Chipotle has forecast a quarterly net loss — its first since going public in 2006 — after sales plummeted 26.1 percent in February. That decline was better than the one in January, when sales plunged 36.4 percent.

2015 E.coli Cases Linked to Chipotle | HealthGrove

“Free burritos — turns out it works. It brings people into the restaurants,” Chipotle Chief Financial Officer Jack Hartung said at an industry conference Wednesday, Fortune reported. Comparing February’s 26.1 percent decline in sales with the month’s 9 percent fall in transactions indicates people were indeed taking the company up on its free food offer.

But not everybody is convinced free burritos constitute the solution to the problem at Chipotle, suggesting there is no such thing as a quick fix for the company.

“Chipotle needs months and months of clean bills of health before they put this in their rearview mirror,” Ashley McCown, a crisis communications expert and the president of Solomon McCown & Co., told NBC News.

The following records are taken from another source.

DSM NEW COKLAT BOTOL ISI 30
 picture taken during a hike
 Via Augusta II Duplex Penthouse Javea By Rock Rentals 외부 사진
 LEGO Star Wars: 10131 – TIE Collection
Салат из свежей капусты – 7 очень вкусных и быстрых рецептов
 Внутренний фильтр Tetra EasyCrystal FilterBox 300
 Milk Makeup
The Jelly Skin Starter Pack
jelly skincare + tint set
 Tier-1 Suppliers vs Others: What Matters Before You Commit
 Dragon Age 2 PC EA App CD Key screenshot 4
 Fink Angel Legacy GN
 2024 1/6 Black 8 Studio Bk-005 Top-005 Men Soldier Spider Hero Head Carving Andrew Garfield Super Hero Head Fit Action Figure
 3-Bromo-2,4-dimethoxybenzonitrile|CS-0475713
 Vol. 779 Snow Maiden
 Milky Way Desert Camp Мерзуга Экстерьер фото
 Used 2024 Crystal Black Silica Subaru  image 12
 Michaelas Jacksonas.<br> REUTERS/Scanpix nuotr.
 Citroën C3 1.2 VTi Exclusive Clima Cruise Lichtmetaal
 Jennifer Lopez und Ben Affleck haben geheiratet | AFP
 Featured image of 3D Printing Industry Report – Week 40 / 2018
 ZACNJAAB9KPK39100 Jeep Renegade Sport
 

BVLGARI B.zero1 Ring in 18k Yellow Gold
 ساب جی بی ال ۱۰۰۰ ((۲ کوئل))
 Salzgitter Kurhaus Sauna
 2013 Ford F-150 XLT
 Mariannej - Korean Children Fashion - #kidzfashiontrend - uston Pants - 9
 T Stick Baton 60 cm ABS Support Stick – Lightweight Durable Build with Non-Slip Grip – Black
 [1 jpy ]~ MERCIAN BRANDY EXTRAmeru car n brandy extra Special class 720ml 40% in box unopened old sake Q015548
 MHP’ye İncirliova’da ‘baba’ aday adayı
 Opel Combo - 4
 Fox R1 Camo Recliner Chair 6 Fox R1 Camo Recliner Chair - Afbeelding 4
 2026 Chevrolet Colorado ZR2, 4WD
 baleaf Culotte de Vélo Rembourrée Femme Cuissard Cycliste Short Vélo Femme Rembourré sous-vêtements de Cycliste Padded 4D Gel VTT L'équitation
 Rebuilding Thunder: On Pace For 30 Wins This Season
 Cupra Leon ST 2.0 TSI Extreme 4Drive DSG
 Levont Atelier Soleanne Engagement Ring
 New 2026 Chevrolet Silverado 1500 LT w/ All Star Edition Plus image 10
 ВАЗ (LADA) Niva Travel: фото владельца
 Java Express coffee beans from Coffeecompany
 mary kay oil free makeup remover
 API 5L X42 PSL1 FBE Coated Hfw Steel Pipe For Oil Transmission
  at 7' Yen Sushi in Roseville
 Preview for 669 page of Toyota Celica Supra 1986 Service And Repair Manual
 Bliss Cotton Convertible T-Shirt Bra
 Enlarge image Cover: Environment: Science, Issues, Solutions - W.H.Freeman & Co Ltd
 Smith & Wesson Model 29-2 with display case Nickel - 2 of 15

The multistate outbreaks of infections associated with Chipotle began in Seattle last July. Ultimately, more than 50 people became ill in two separate E. coli events across 10 states, while hundreds of others were sickened by norovirus, a stomach bug, that was linked to employees at locations in California and Massachusetts.

The company appeared to have conquered the problem, until last week, when a worker at an outlet in a Boston suburb was confirmed to have norovirus. The restaurant was briefly closed, and no customers were sickened in the event, which happened just one month after Chipotle held a companywide meeting on food safety to prevent future outbreaks of disease.

“We have to wait to see if management turns on the ‘promotion spigot’ again,” after the Massachusetts incident, ITG Investment Research analyst Joe Fersedi told NBC News.

If the first two attempts at offering free food to draw in customers don’t work as well as planned, Chipotle is likely to press forward with that strategy anyway, executives indicated. “If we don’t see the number of customers that we would like to see returning to restaurants, we may do more” free offers, said Mark Crumpacker, the company’s chief creative and development officer.